A nostro avviso pur ammettendo la grandezza e la genialità della filosofia della storia di Agostino è possibile individuare un punto abbastanza debole nella sua opera e nel suo pensiero di filosofo della storia. Infatti senza nessun dubbio Agostino ha tralasciato il tentativo di stabilire una relazione tra le cause primarie ovvero il piano provvidenziale di Dio e le cause secondarie che agiscono nel processo storico in quanto tali cosicché Agostino dimostra scarso interesse nel cercare di stabilire un preciso legame tra il piano storico e quello metastorico.
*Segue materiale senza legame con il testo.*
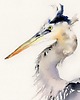 obrazy Oryginalna akwarela. Czapla 2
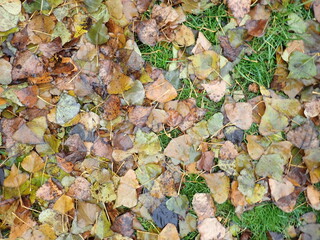 autumn fallen colorfull dry leaves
D’altra parte dobbiamo anche comprendere che aspettarci da Agostino una critica storica dei fatti empirici sarebbe una pretesa del tutto fuori luogo in quanto ad Agostino interessava soprattutto l’intento apologetico. In altri termini ad Agostino interessava creare una filosofia della storia nella quale fosse presente un incondizionato riconoscimento di Dio come autorità sovrana che promuove, frena ed inverte i progetti degli uomini mediante l’utilizzazione della provvidenza divina. Di conseguenza dobbiamo tener presente che qualsiasi concezione provvidenzialistica della storia non può dare molta importanza alla critica razionale dei fatti storici empirici né può cercare di mettere in evidenza in maniera razionale il legame tra il piano metastorico e quello storico poiché tale legame può essere colto solo dalla fede e non dalla razionalità.